[Brief descriptive captions]
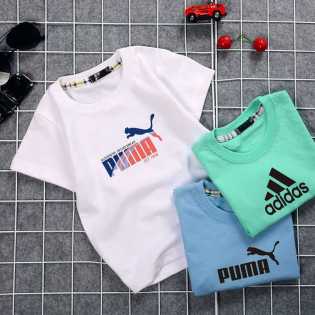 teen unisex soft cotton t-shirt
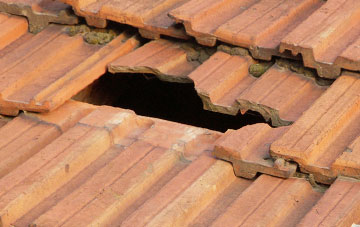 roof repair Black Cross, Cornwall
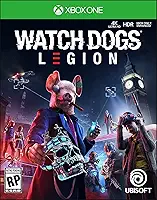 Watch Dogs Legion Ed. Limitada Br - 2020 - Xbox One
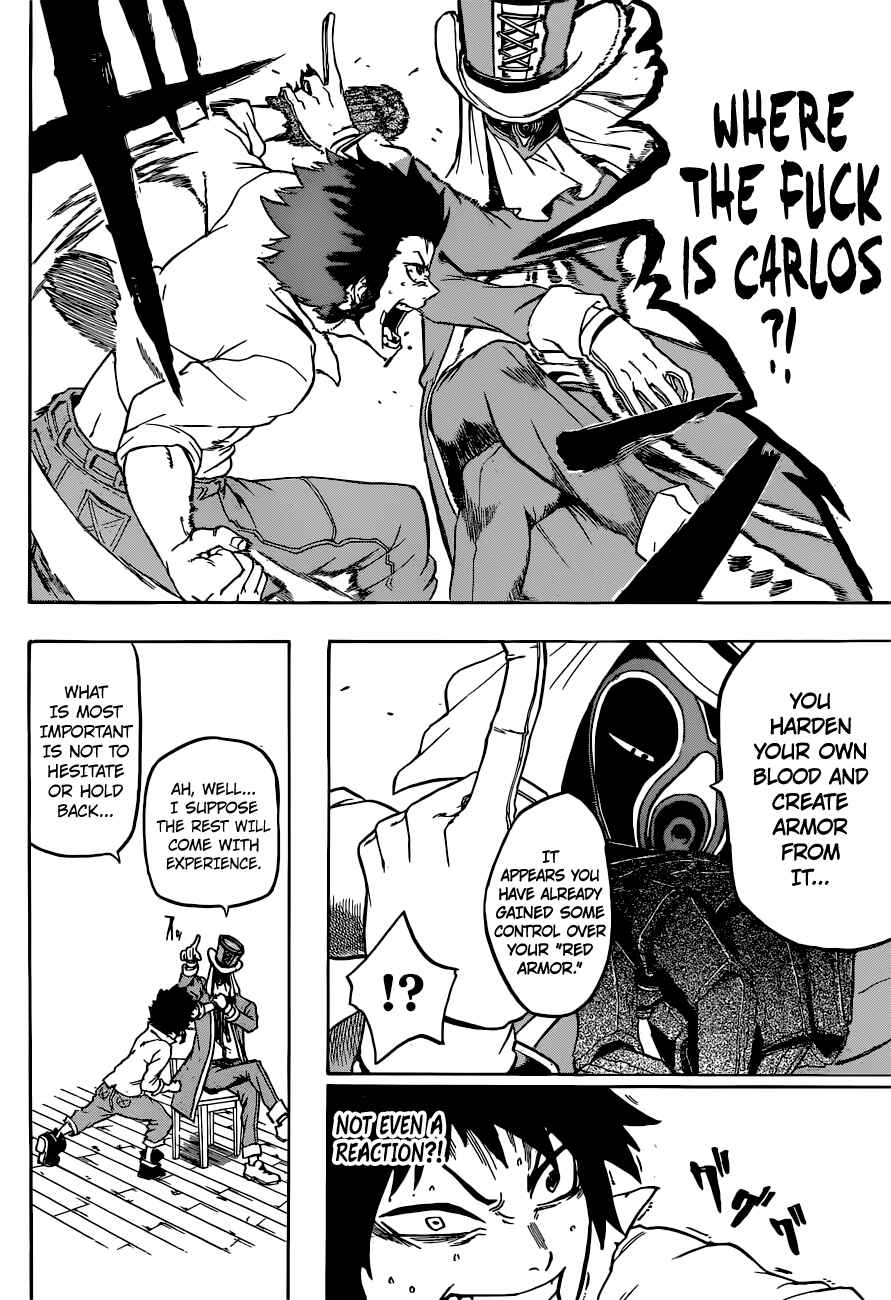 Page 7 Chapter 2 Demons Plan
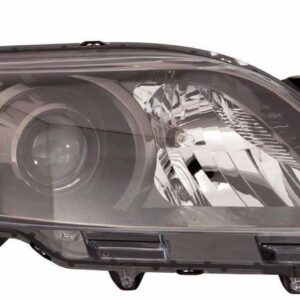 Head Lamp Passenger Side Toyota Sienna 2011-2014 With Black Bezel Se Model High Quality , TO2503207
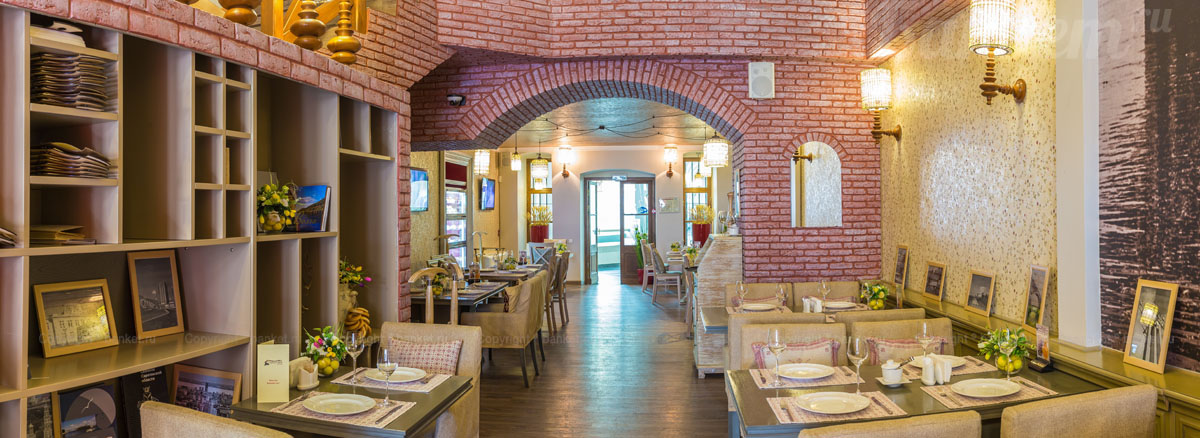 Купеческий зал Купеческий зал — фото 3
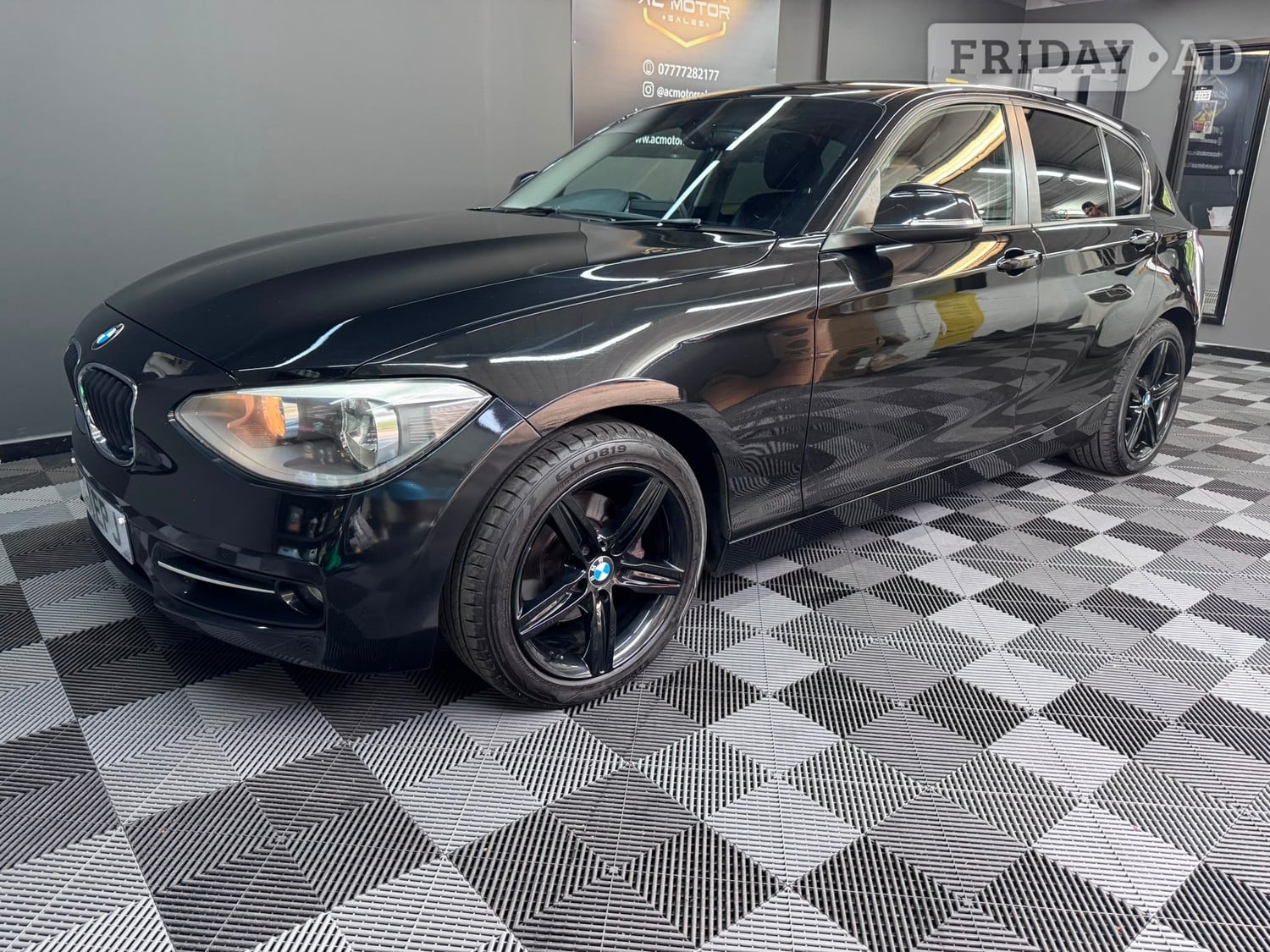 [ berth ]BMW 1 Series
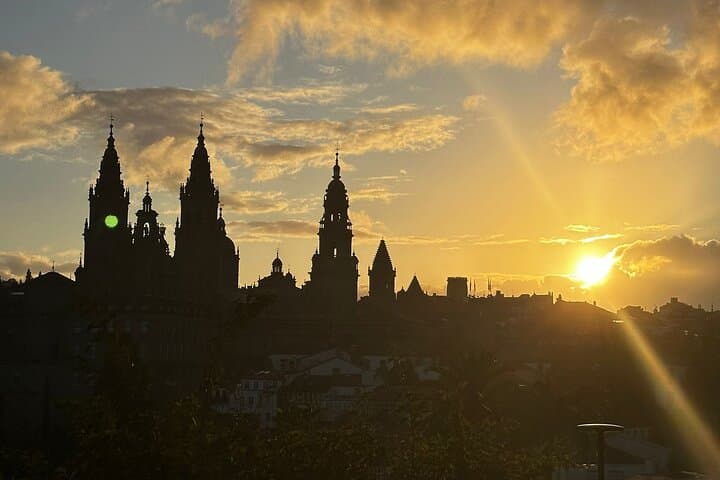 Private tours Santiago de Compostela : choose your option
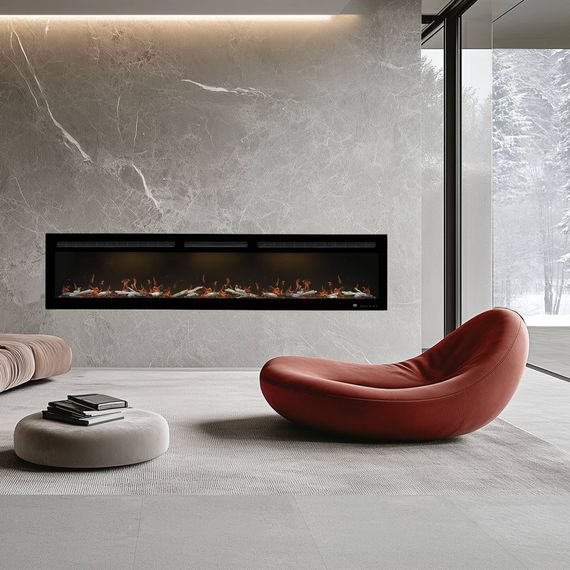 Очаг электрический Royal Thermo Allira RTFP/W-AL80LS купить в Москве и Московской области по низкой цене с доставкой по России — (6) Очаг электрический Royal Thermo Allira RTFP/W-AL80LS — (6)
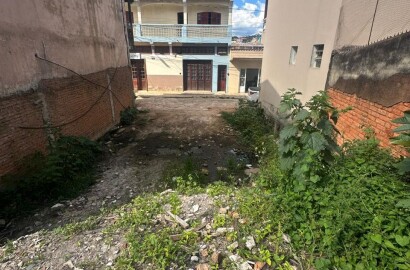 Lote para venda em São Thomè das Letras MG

EXERCISE AIM
Omit the pictures, then give every record back exactly as it stands.

RESPONSE BELOW
 teen unisex soft cotton t-shirt
 roof repair Black Cross, Cornwall
 Watch Dogs Legion Ed. Limitada Br - 2020 - Xbox One
 Page 7 Chapter 2 Demons Plan
 Head Lamp Passenger Side Toyota Sienna 2011-2014 With Black Bezel Se Model High Quality , TO2503207
 Купеческий зал Купеческий зал — фото 3
 [ berth ]BMW 1 Series
 Private tours Santiago de Compostela : choose your option
 Очаг электрический Royal Thermo Allira RTFP/W-AL80LS купить в Москве и Московской области по низкой цене с доставкой по России — (6) Очаг электрический Royal Thermo Allira RTFP/W-AL80LS — (6)
 Lote para venda em São Thomè das Letras MG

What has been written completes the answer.